He aquí a Grembeld, pues así se llamaba el apuesto joven [muy útil presentarlo ahora], convertido en el más feliz, dichoso y dicharachero de todos los habitantes de Afglin. Todo en una noche. Pero el rey Soth [¿hay más reyes como para que el no nombrarle vaya a ser un problema?] le miraba aviesamente cada vez que Grembeld pasaba cerca, como flotando en una nube y con sonrisa de niño. Al rey casi le salía humo de las orejas puntiagudas pensando cómo iba a deshacerse de él, pues Grembeld se pasaba todo el tiempo pegado a las faldas de brocado de oro de Dannaar y la princesa parecía disfrutar de su compañía, aunque apenas hablaban. [no entiendo tu uso de la puntuación] (También es cierto que en Afglin no había mucha otra cosa que hacer, aparte de bailar, cantar, beber, celebrar banquetes y salir a cabalgar sobre blancos corceles y al cabo de trescientos años ya todo esto parecía un poco soso). Por fin una noche [tal y como está redactado parece que siguieras hablando de la misma noche] Soth llamó a Grembeld al pie de su trono de piedras preciosas. Vestido con su chaqué verde bordado de diamantes y con sus calzas de seda roja y calzando sus zapatos con hebillas de plata, se inclinó sobre su redondeado estomago desde las alturas, cerniéndose con semblante tan severo sobre el joven que Grembeld retrocedió un paso.
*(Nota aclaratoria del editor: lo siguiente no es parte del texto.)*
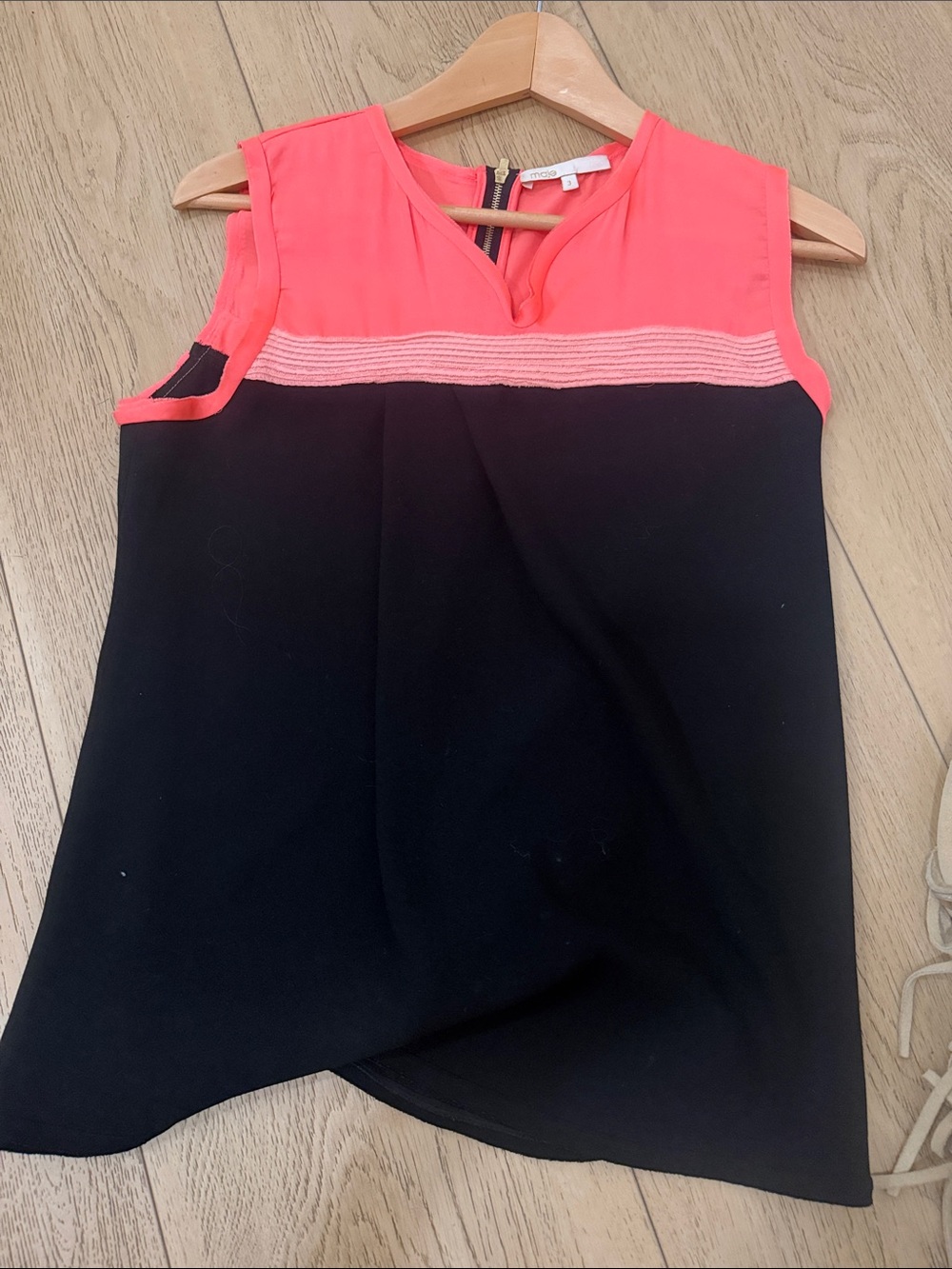 Maje Coral and Black Sleeveless Colorblock Camisole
—Hum... —dijo. Y repitió—: HUMMM... Yo, el rey Soth... YO, EL REY SOTH… he decidido que hace mucho tiempo... que... no he salido a ver la luz de las estrellas... sí... Esta noche deseo que... Humm… DESEO QUE ...
Después del último blanquete todos los habitantes de Afglin estaban dormidos, sobre las mesas labradas y sobre los tronos, pues todos ellos tenían un trono enjoyado. Mientras, los platos y la vajilla de oro volaban por los aires y se tornaban relucientes y limpios como el agua de un manantial a su alrededor y las jarras de vino volvían a llenarse solas y la esplendida comida venía volando por los aires desde las inagotables alacenas del reino. Soth sacudió la cabeza.
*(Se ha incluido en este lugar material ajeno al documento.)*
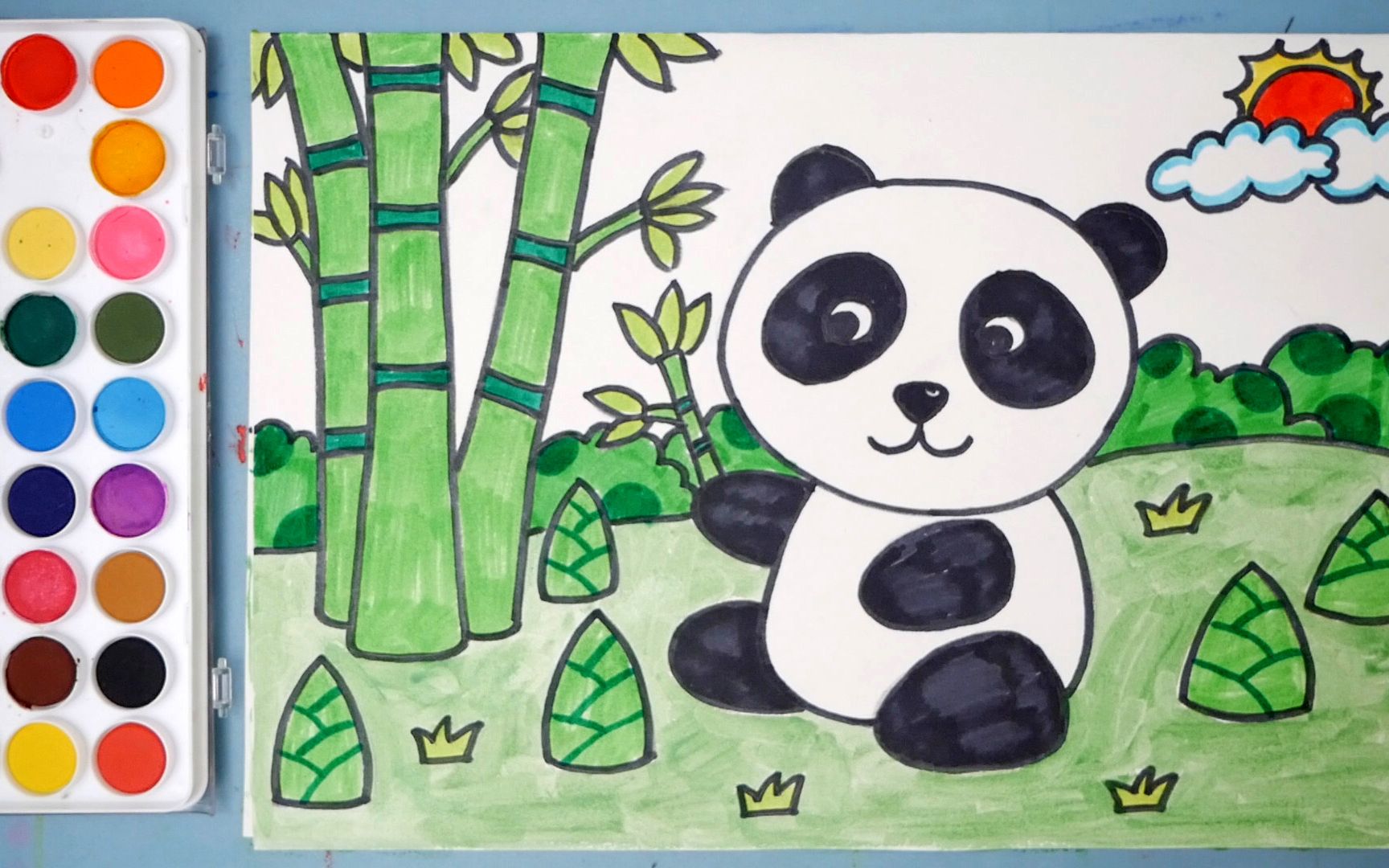熊猫简易画法 儿童画图片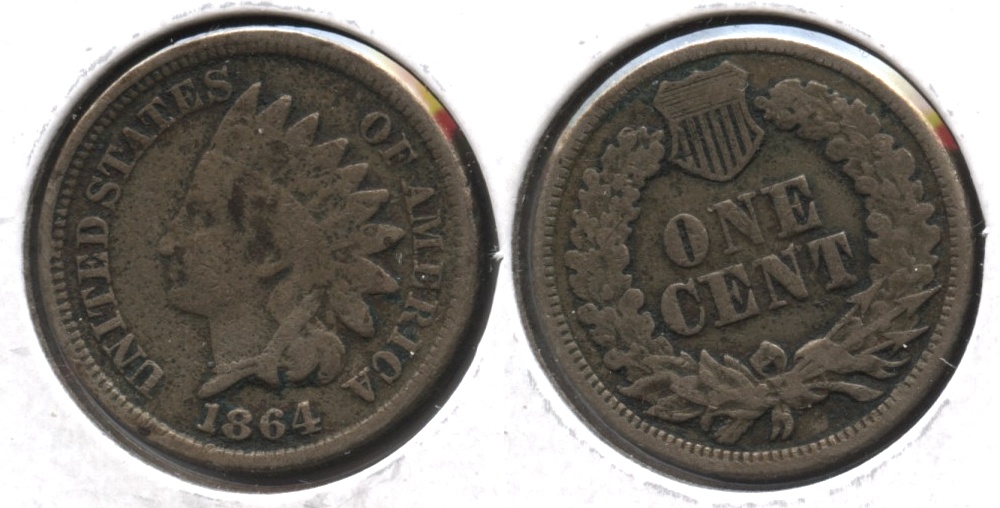 1864 Copper Nickel Indian Head Cent Good-4 #ao Light Porosity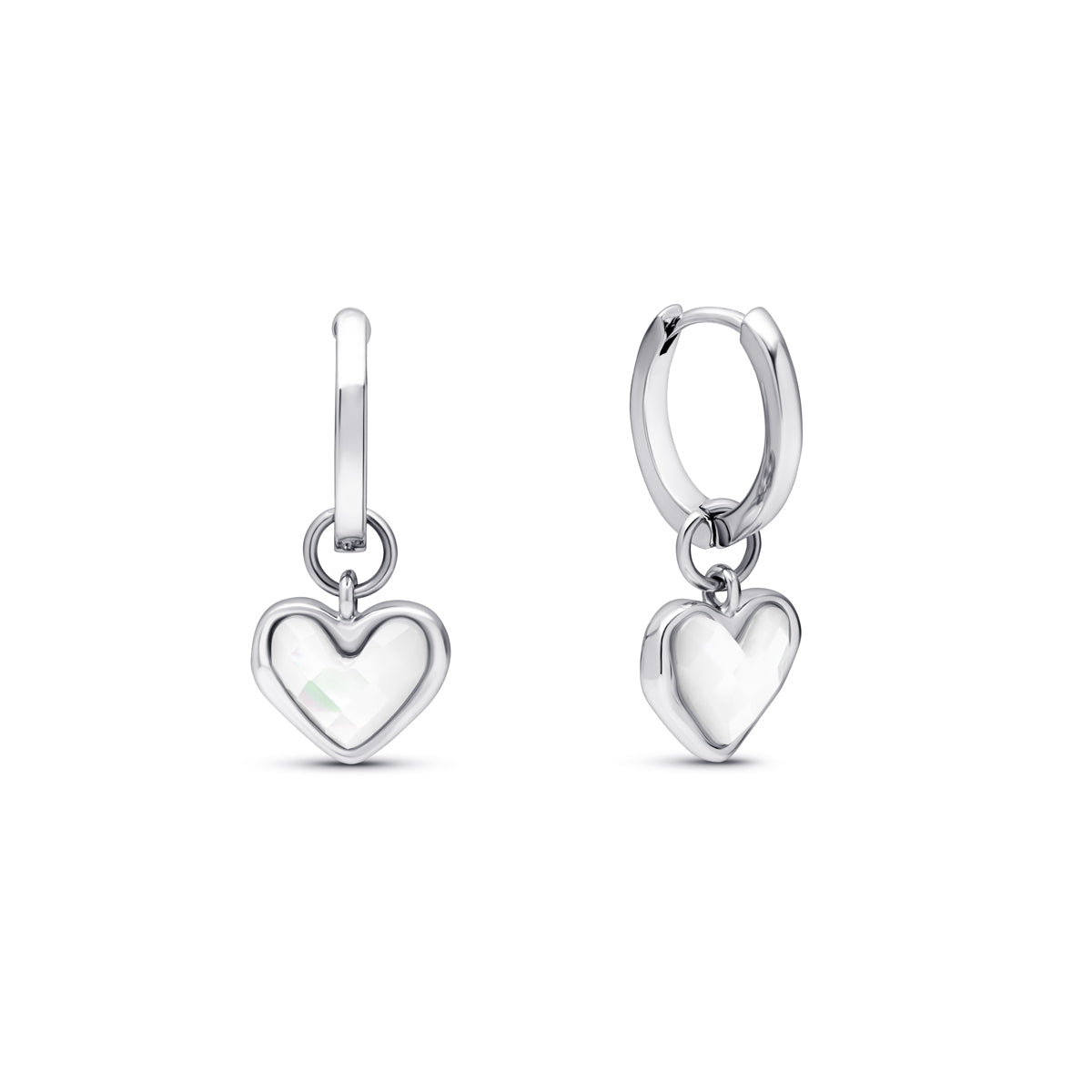 Boucles d'oreilles cœur de quartz blanc (argent)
—¿Por dónde iba? —le preguntó a Grembeld.
—Deseo que .. —le apuntó su súbdito con voz musical.
—¡Ah... sí! ... Que tu Grembeld... GREMBELD... —repitió tan fuerte, que casi gritó y el interpelado dio un brinco— que nunca.. NUNCA… has salido de Afglin, me acompañes a las tierras de los humanos hasta... humm que regrese... REGRESE.
El rey Soth dio un profundo y largo suspiro cuando hubo terminado y se arrebujó en su inmenso trono.
—Está claro, ¿no? —le dijo con voz aguda.
—Sí, sí. Muy claro —exclamó Grembled, afirmando enérgicamente con la cabeza.
El rey Soth volvió a inclinarse desde el alto sitial.
—Luego no digas que no te avisé. ¿eh? —añadió entonces, suavemente.
Grembeld volvió a sacudir la cabeza, ahora en sentido contrario.
—No.No.
Por ahora lo dejo aquí, además de lo señalado, principalmente al final empiezas a tener un problema con los puntos y los espacios.
Entiendo que lo cómico viene en la siguiente parte, pero espero que tengas en cuenta el cambio de tono que puede provocar, porque hasta ahora no hay nada de humor.